*** AVAILABLE RECORDS ***

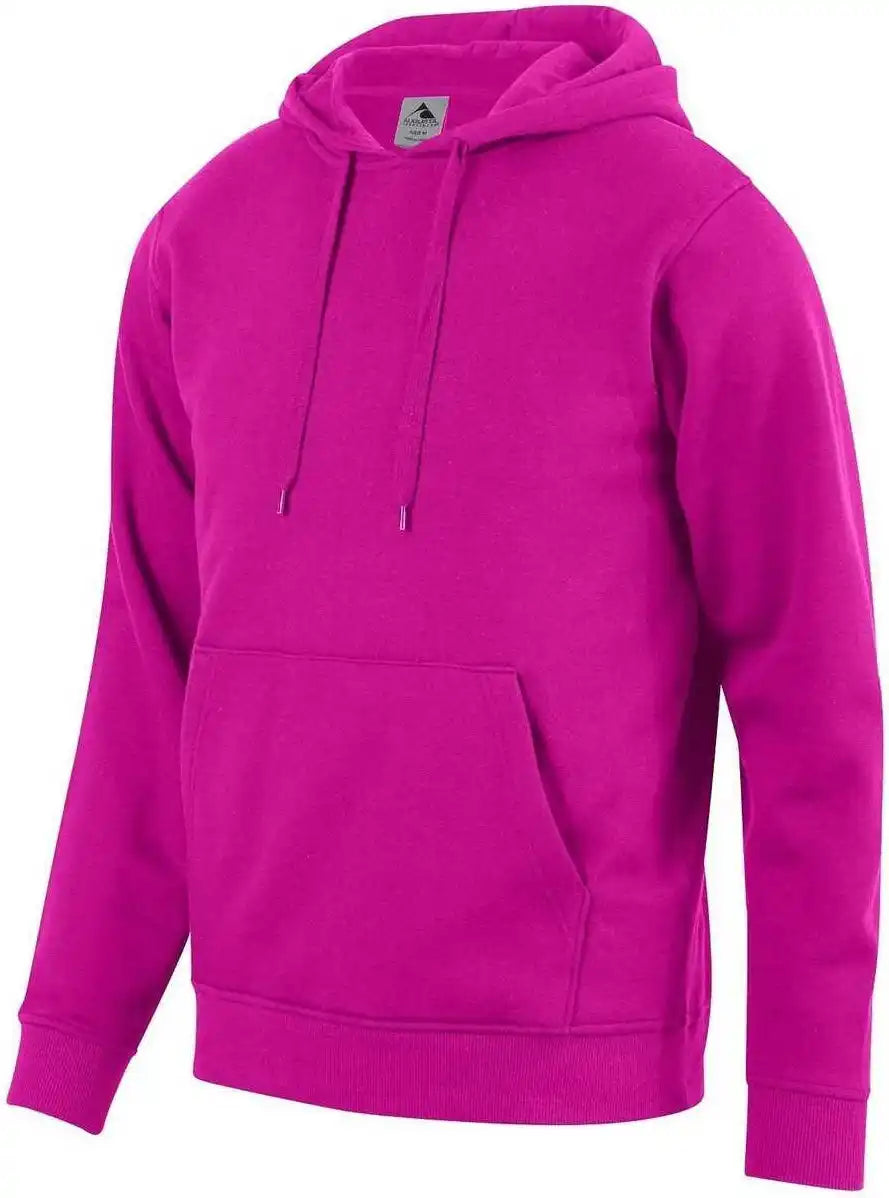 Augusta 5414 60/40 Fleece Hoody Power Pink
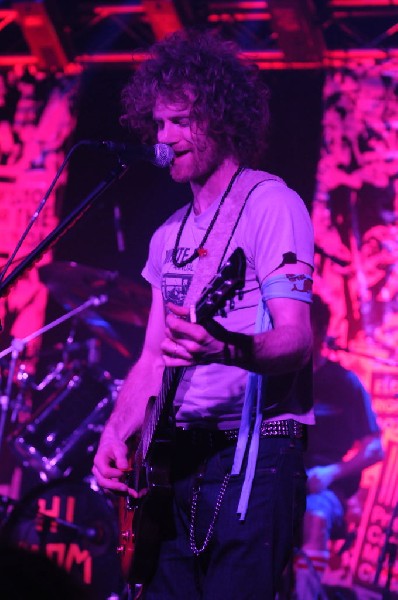 State Radio at La Zona Rosa, Austin Texas 03/05/2010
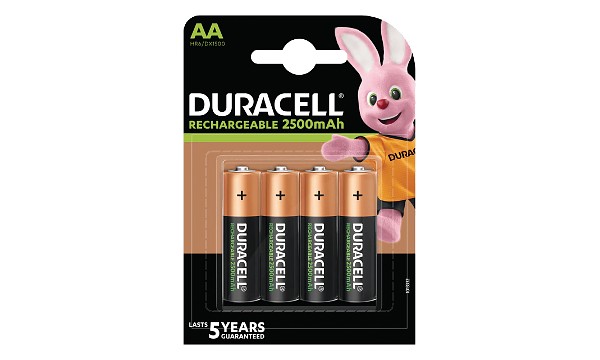 Dimage F100 Battery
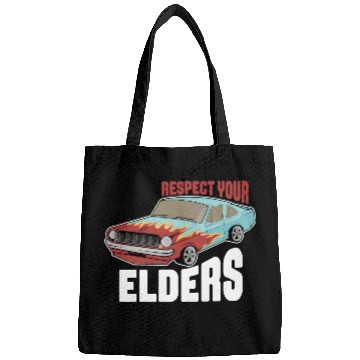Discover Funny Car Guy 2 Bags
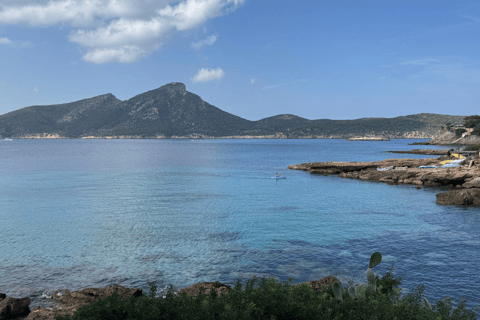 Mallorca: Boat Transfer between Port Andratx and Sant Elm Sant Elm: Boat transfer to Port Andratx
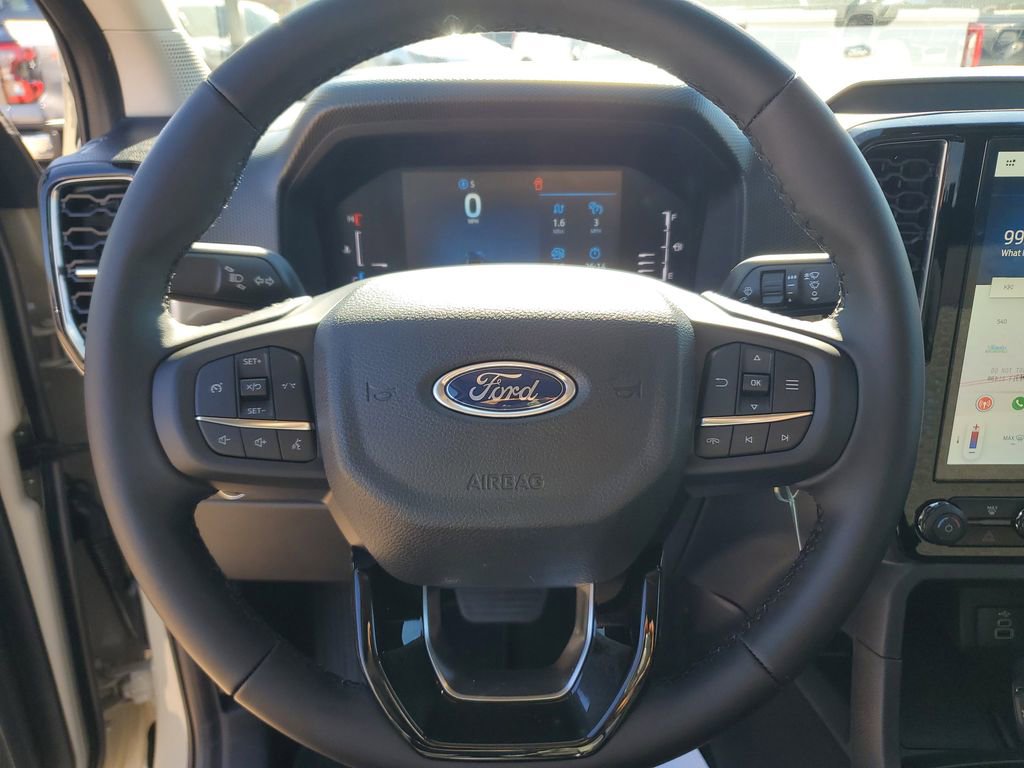 New 2025 Ford Ranger XLT w/ Trailer Tow Package image 16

*** End of AVAILABLE RECORDS ***

EXERCISE REQUIREMENTS
All of the material above should be set down again exactly, though not its pictures.

ANSWER SECTION
 Augusta 5414 60/40 Fleece Hoody Power Pink
 State Radio at La Zona Rosa, Austin Texas 03/05/2010
 Dimage F100 Battery
Discover Funny Car Guy 2 Bags
 Mallorca: Boat Transfer between Port Andratx and Sant Elm Sant Elm: Boat transfer to Port Andratx
 New 2025 Ford Ranger XLT w/ Trailer Tow Package image 16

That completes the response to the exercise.